Document Description
Getting Started Installation and quick start guide
API Reference Complete API documentation
Examples Practical usage examples
Contributing Contributing guidelines and style guide

Key Modules

Indexing

df.epl.loc[0]                      # First row
df.epl.loc[0:5, ["a", "b"]]        # Slice with columns
df.epl.iloc[0, 0]                  # Position-based access
df.epl.at[0, "column"]             # Single value access

Merging

df.epl.merge(right, on="key", how="left")
df.epl.merge_asof(right, on="timestamp", by="group")
df.epl.concat(df2, df3, how="vertical")

GroupBy

df.epl.groupby(["col"]).agg({"value": ["mean", "sum"]})
df.epl.groupby(["col"]).apply(custom_function)
df.epl.groupby(["col"]).ffill(columns=["value"])

Interpolation

df.epl.ffill(columns=["value"])
df.epl.bfill(columns=["value"])
df.epl.interpolate(columns=["value"], method="linear")
df.epl.fillna(columns=["value"], value=0)

ML Pipeline

df.epl.standardize(columns=["numeric_col"])
df.epl.clip_and_impute(columns=["value"], impute_strategy="median")
df.epl.make_ml_ready(target_col="label")

# Series-level operations
series.epl.scale_encode(path="scaler.joblib", scaler_type="StandardScaler")
series.epl.isnull()  # Handles both null and NaN

SQL

df.epl.to_sql(connection, "table_name", if_exists="replace", batch_size=10000)

Requirements

Core Dependencies

  • Python 3.12+
  • polars >= 1.33.0
  • numpy >= 2.3.0
  • pandas >= 2.3.0
  • pyarrow >= 21.0.0
  • Plus: tqdm, python-dateutil, joblib

Optional Dependencies

Install with extras for additional functionality:

# For scientific computing (interpolation, hypothesis tests)
pip install "EnhancedPolars[sci]"

# For ML preprocessing (scalers, encoders)
pip install "EnhancedPolars[ml]"

# Install all optional dependencies
pip install "EnhancedPolars[all]"
  • [sci] - Scientific computing: scipy >= 1.16.0
  • [ml] - Machine learning: scikit-learn >= 1.7.0

License

This project is licensed under the MIT License - see the LICENSE file for details.


Author

@Ruppert20


AI Authorship Disclaimer

This package was developed with the assistance of LLM-based coding tools (Claude Code by Anthropic).

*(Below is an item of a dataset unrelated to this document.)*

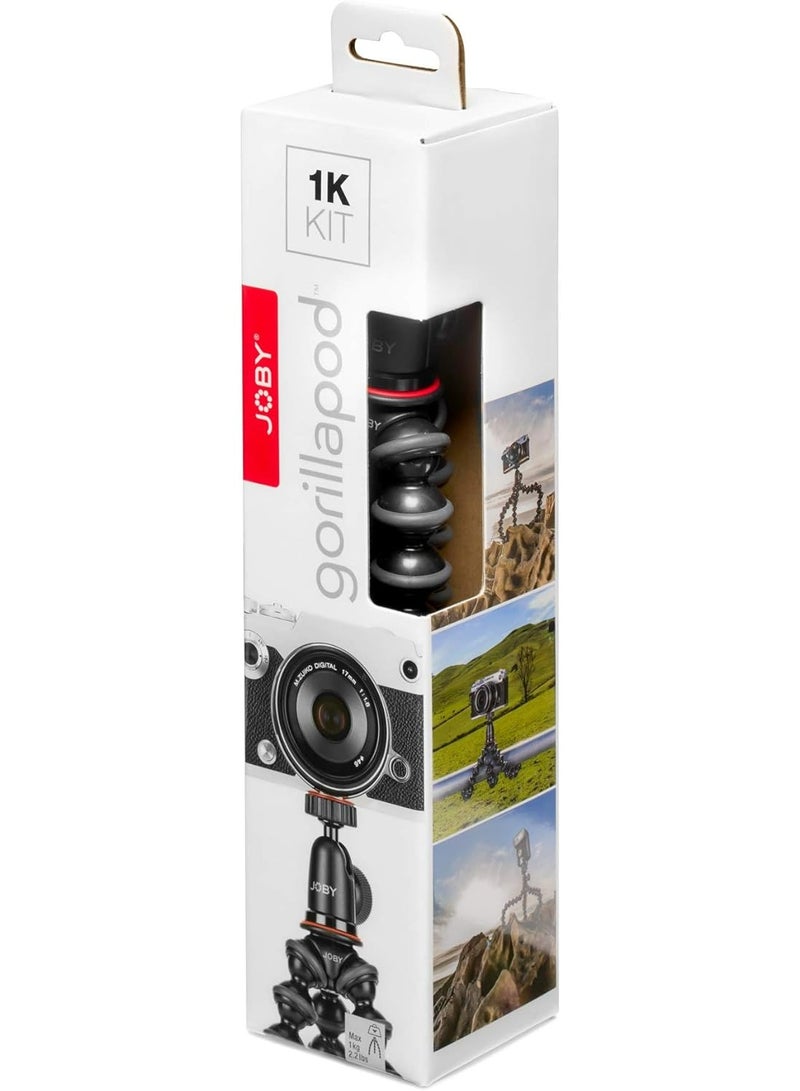 جوبي طقم حامل ثلاثي القوائم صغير الحجم JOBY JB01503 GorillaPod 1K، يتضمن حاملًا ورأسًا كرويًا، مناسب للكاميرات أو الأجهزة الصغيرة عديمة المرآة التي يصل وزنها إلى 1 كيلوجرام (2.2 رطل) - أسود/فحمي - Image 3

AI tools were used for the following activities:

  • Code authorship - Implementation of utilities, functions, and classes
  • Test development - Creation of comprehensive unit tests
  • Documentation - Generation of NumPy-style docstrings and README content
  • Code review - Identification of bugs, edge cases, and improvements

Users should evaluate the code for their specific use cases and report any issues through the GitHub issue tracker.


Contributing

See Contributing Guide for guidelines on:

  • Development setup
  • Code style
  • Testing requirements
  • Pull request process

Project details


Download files

Download the file for your platform. If you're not sure which to choose, learn more about installing packages.

Source Distribution

enhancedpolars-0.0.2.tar.gz (279.3 kB view details)

Uploaded Source

Built Distribution

If you're not sure about the file name format, learn more about wheel file names.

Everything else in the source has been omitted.